If a data backfill instance generated for a task in a workflow is frozen, the workflow instance enters the successful status.
If a task cannot be run in data backfill scenarios, the workflow to which the task belongs enters the failed status.
A time difference exists between the time when the instance status changes and the actual time when a failure event is generated.
If a merge node exists in a workflow, ancestor nodes of the merge node may fail. In this case, you can check whether the workflow is in the successful status based on whether the merge node is in the successful status.
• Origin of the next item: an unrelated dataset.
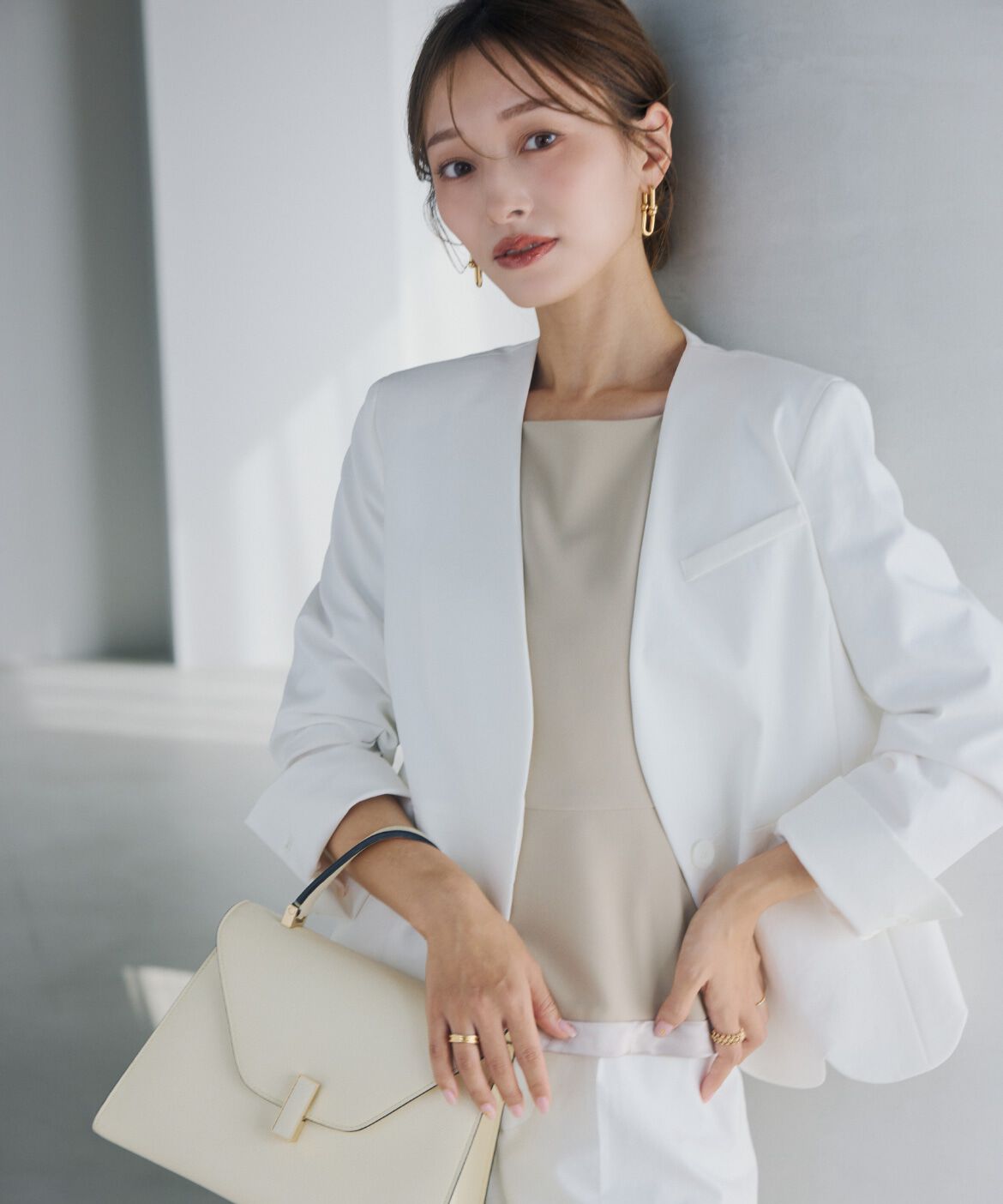 Maglie le cassetto「《大きいｻｲｽﾞ》ﾊﾝｻﾑｽｶﾗｯﾌﾟｼﾞｬｹｯﾄ《M Maglie le cassetto&times;」|ノーカラージャケット|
Execution time and parameter replacement for nodes in an auto triggered workflow

You do not need to configure a scheduling cycle for nodes in a workflow. You need to only configure the delayed execution time for nodes in a workflow. The delayed execution time indicates the amount of time for which a node in a workflow is delayed from the scheduling time of the workflow.
The actual running time of a node in a workflow is calculated based on the delayed execution time configured for the node and the scheduling time configured for the workflow.
The value assignment of scheduling parameters for nodes in a workflow is determined based on the overall scheduling time of the workflow, but not the time after a delay.

Precautions

Only new-version Data Studio supports auto triggered workflows.
When creating a workflow, select Periodic Scheduling as the scheduling type.
A referenceable workflow cannot depend on another workflow or be automatically scheduled after it is deployed to the production environment.
Important
- A referenceable workflow cannot depend on or be dependent on by another workflow. The nodes in the workflow cannot depend on other nodes that do not belong to the workflow or be dependent on by other nodes, such as a root node of a workspace. Otherwise, when you deploy the referenceable workflow, an error is reported, and the workflow cannot be deployed as expected.
- After a referenceable workflow is deployed to the production environment, the workflow is not automatically scheduled until it is referenced by another workflow by using a SUB_PROCESS node.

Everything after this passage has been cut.